Wednesday, February 22, 2012

Ash Wednesday

I'm hungry.

And not just because it's Ash Wednesday and I've been fasting. No. I feel like I woke up from hibernation ravenous, except my stomach is my soul. There's no other way to explain it. You know how when you've been sick with a long illness and you just sort of get used to it, and then suddenly you're well and you realized just how badly it sucked to be sick? Sort of like that.

I don't really think I was sick, necessarily. I think I got complacent. It can happen to any of us about anything, and without really thinking. We fall off the diet wagon, stop our good habits. Often, it's something sudden and jolting that makes us stop and look at our feet and realize we weren't really paying attention to the path. For me, I had sat on my spiritual laurels for too long. I had assumed that at one point in my life I had worked everything out in my head and my heart, so I was good. I didn't really need to keep practicing at it, keep searching. I was done. I could go on and just live life now.

Except faith isn't like that. Faith is endless.

I was reminded with some reading earlier this week that God, like all the things he is compared to - Love, Beauty, Truth - is completely unending. Totally infinite. And I realized that I had limited myself. I had told myself that what I had done was good enough, that where I was was fine. And it is fine. But there's more....so much more. I was barely scratching the surface of faith, and I thought it was a meal.

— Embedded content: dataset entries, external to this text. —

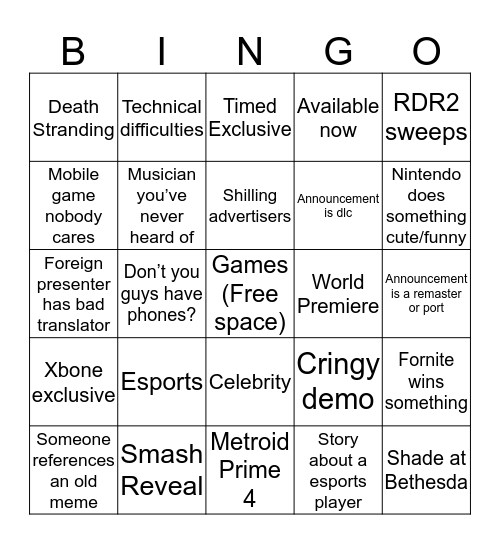 Game Awards Bingo Card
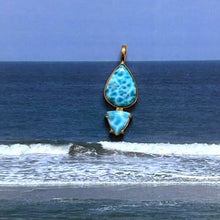 Pendentif larimar d'exception, un lagon à porter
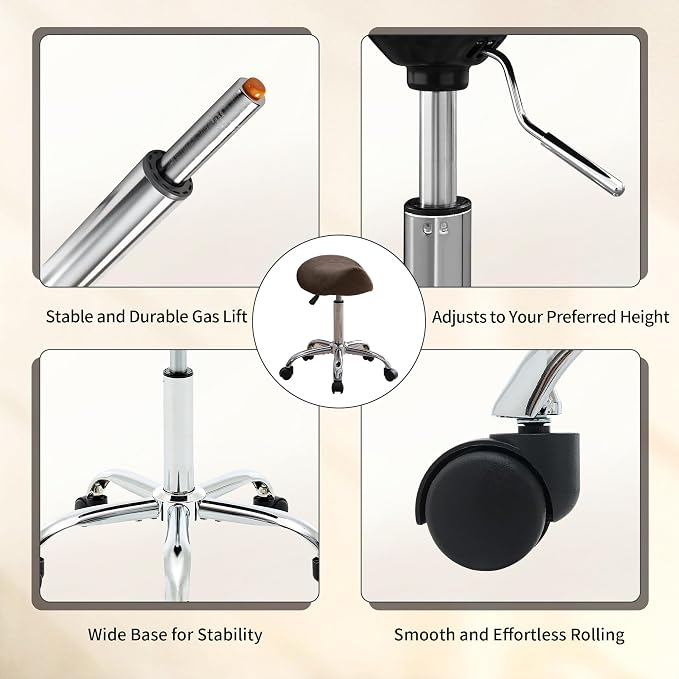 FIRAVOE Saddle Stool, Swivel Saddle Stool with Wheels, Adjustable Rolling Stool 18"-26", Faux Leather Rolling Stool for Salon, Massage, Clinic, Lab, Office (Tan, 1PCS (18"-26"))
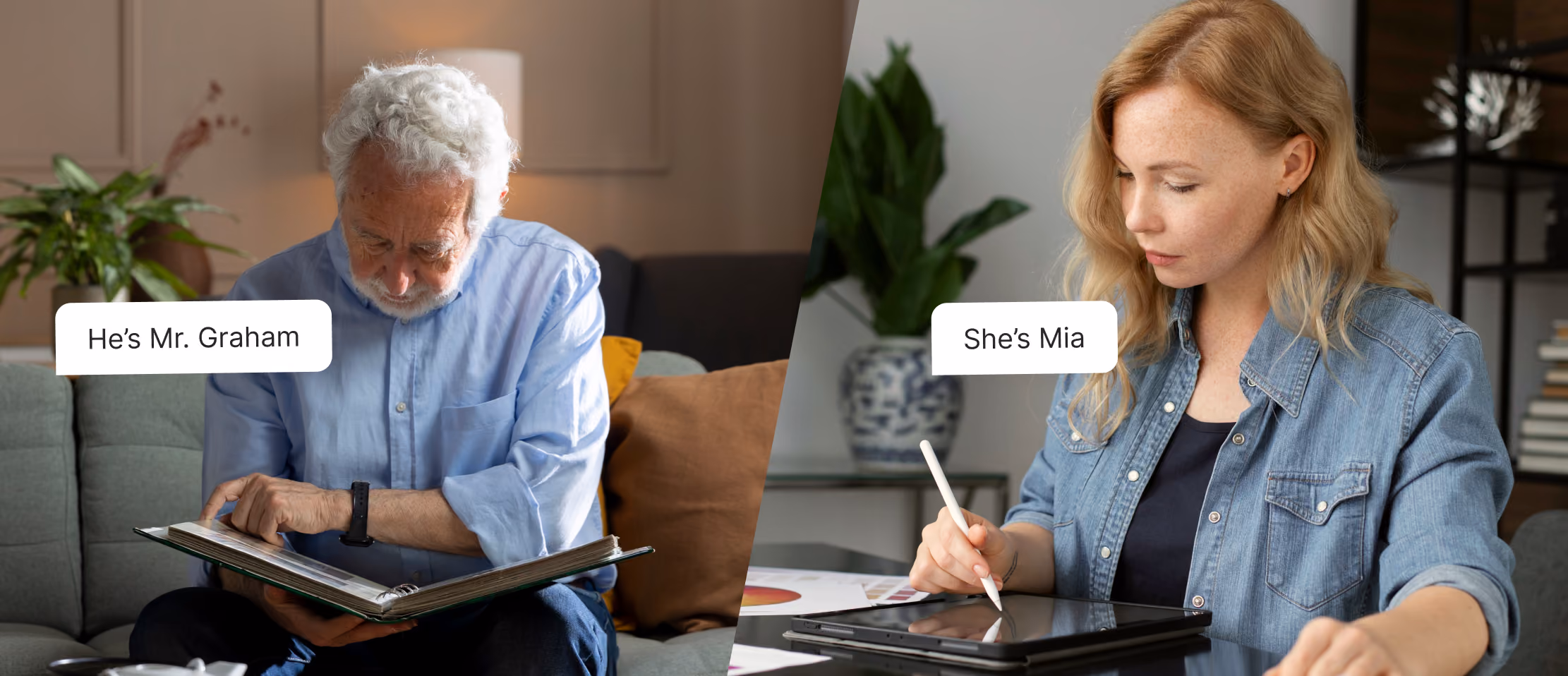 Senior man and young woman as characters for the story about digital banking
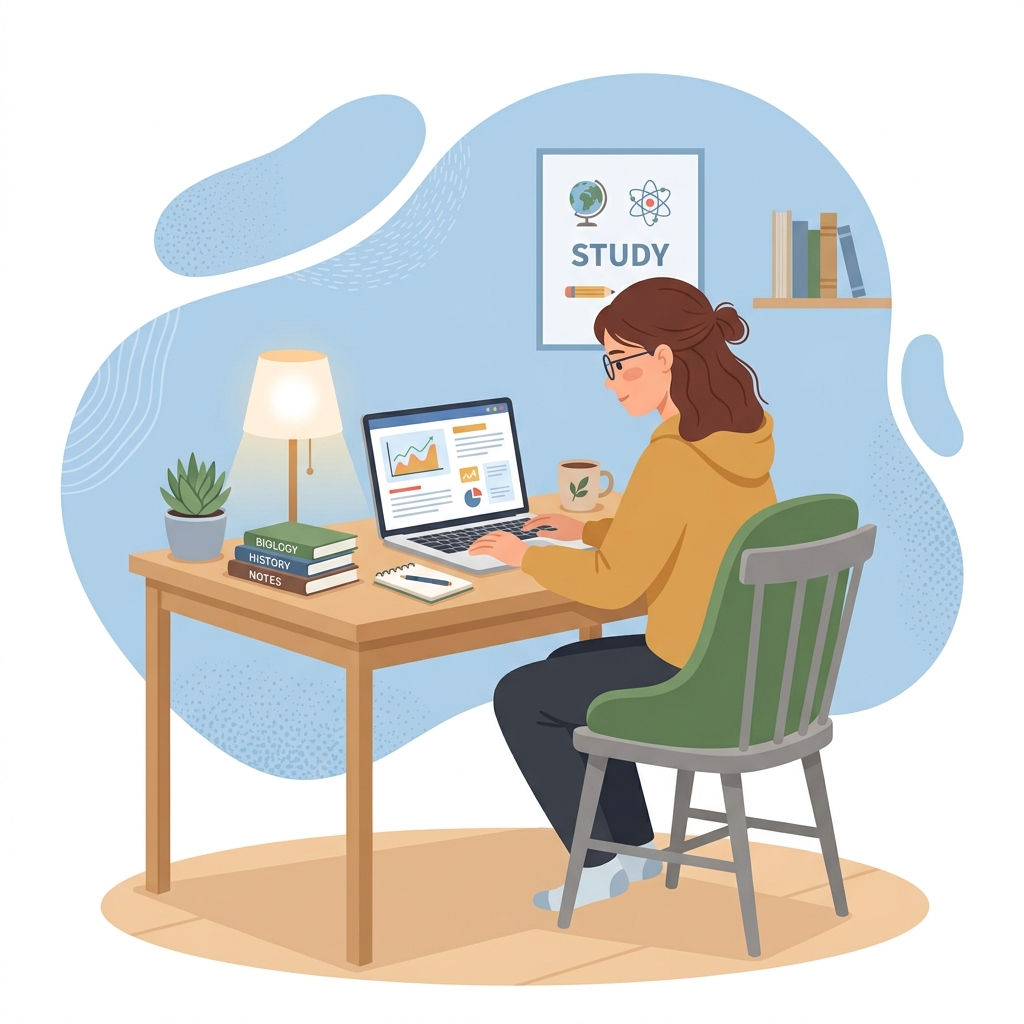 Girl working on a laptop illustration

I spent a lot of time over the last month feeling disheartened and a little beat up over many things - the state of the world, my microscopic chance to make any lasting sort of change in it. I fell into what can best be described as a spiritual depression. Then, in the desperation of a convert, I reached out and felt a hand, and heard a voice.

It said, "Come with me. I want to show you something."

And I followed.

So now, I have book lists, and prayer lists, and things to write and look up, philosophers and theologians and saints. I'm sitting at a banquet, one that was always available to me. And the more I read and the more I pray, the more I see the beauty, and the truth, and the love that's there. Infinity.

I realize that to some this may sound extreme. After all, most of you know me already as a pretty devout Catholic. Not necessarily a good one, and I don't expect that will change much. But that's the wonderful thing about it that I found in these last few weeks. Conversion is a continual turning toward God, because there is always more turning to do. As C.S. Lewis writes in The Last Battle, there is always the call of Aslan the Lion, "Further up and further in!"

I plan to write a bit more about my faith journey here, especially as it intersects with the other areas of my life that I write about more often. In looking back at this blog, it becomes apparent that while I may have thought a lot about faith as a general principle, I didn't do a great job of exploring its daily application. I'm hoping that during this Lent I can work on changing that, both by walking the path more intentionally and by reflecting on it in my writing.